DATA SUPPLIED:
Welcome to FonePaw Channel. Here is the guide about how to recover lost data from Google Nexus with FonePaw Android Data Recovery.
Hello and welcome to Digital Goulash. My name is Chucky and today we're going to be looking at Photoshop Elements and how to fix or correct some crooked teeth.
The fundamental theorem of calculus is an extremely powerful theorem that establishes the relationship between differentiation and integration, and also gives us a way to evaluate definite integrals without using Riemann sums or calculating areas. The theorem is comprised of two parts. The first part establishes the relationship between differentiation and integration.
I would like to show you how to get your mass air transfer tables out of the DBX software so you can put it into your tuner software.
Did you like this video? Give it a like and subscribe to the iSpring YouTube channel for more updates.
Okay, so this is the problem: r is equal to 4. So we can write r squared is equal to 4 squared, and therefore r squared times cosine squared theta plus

* * *

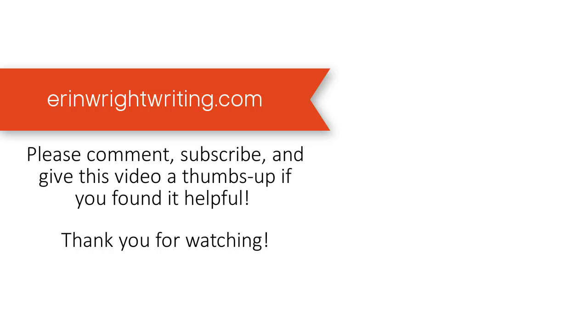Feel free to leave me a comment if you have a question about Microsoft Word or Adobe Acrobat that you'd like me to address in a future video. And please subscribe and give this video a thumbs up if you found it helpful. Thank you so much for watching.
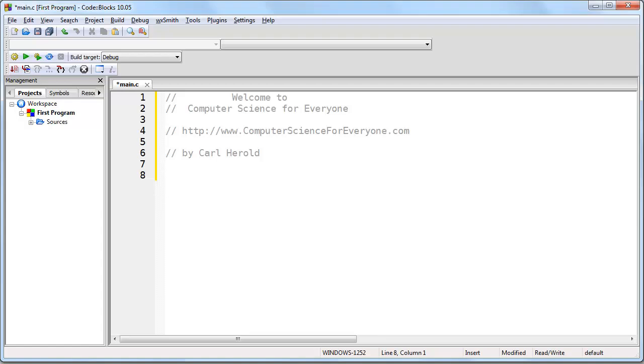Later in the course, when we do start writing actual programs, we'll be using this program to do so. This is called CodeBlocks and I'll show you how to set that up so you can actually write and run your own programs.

* * *

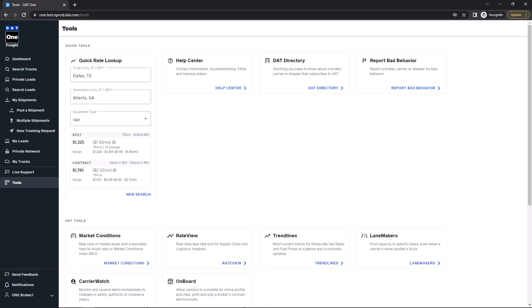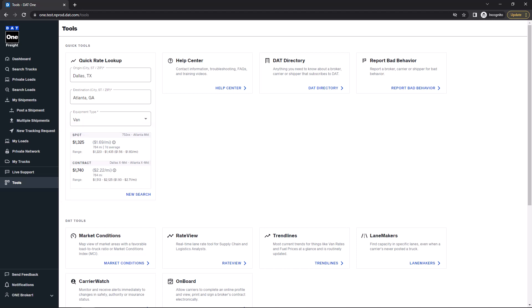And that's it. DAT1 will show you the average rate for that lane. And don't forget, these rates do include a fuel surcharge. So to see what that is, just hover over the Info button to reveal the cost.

TASK ITEM: Search the listing above for the lines with "Welcome to FonePaw" and "Hello and welcome", then output those lines and all lines between them exactly.

RESULT FOR THIS EXERCISE:
Welcome to FonePaw Channel. Here is the guide about how to recover lost data from Google Nexus with FonePaw Android Data Recovery.
Hello and welcome to Digital Goulash. My name is Chucky and today we're going to be looking at Photoshop Elements and how to fix or correct some crooked teeth.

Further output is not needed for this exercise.